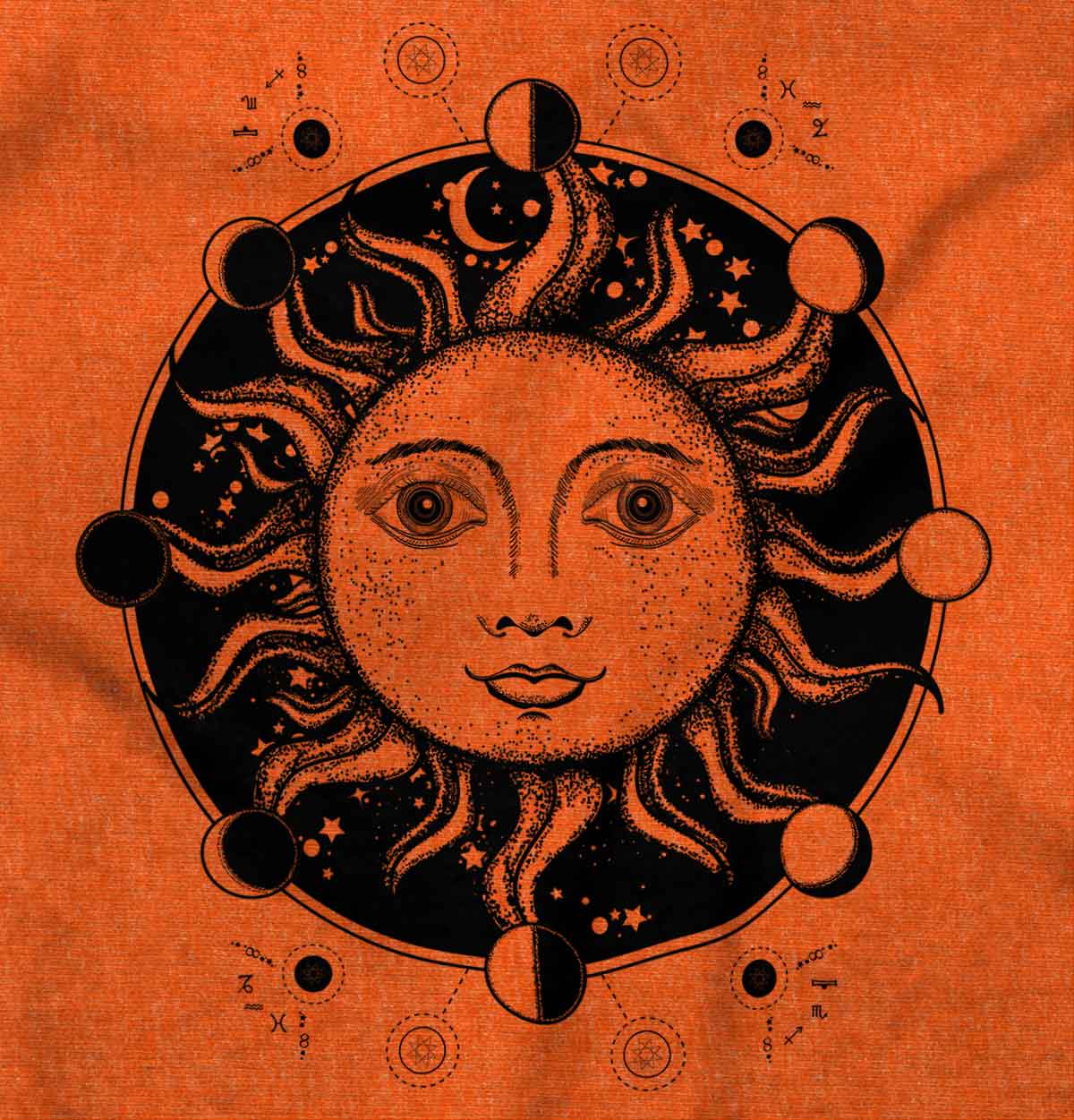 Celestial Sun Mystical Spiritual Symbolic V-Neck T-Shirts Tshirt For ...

* * *

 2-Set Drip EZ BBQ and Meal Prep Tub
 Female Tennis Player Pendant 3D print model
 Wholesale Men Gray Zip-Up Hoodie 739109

...

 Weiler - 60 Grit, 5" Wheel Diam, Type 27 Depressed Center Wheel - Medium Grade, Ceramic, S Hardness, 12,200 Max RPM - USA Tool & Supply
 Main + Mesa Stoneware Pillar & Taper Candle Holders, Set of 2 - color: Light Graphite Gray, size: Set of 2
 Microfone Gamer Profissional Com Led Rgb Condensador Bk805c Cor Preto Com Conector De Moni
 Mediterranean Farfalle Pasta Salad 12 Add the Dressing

## Aim of the task
Search the data for "Gray". Copy every matching line.

## Answer area
 Wholesale Men Gray Zip-Up Hoodie 739109
 Main + Mesa Stoneware Pillar & Taper Candle Holders, Set of 2 - color: Light Graphite Gray, size: Set of 2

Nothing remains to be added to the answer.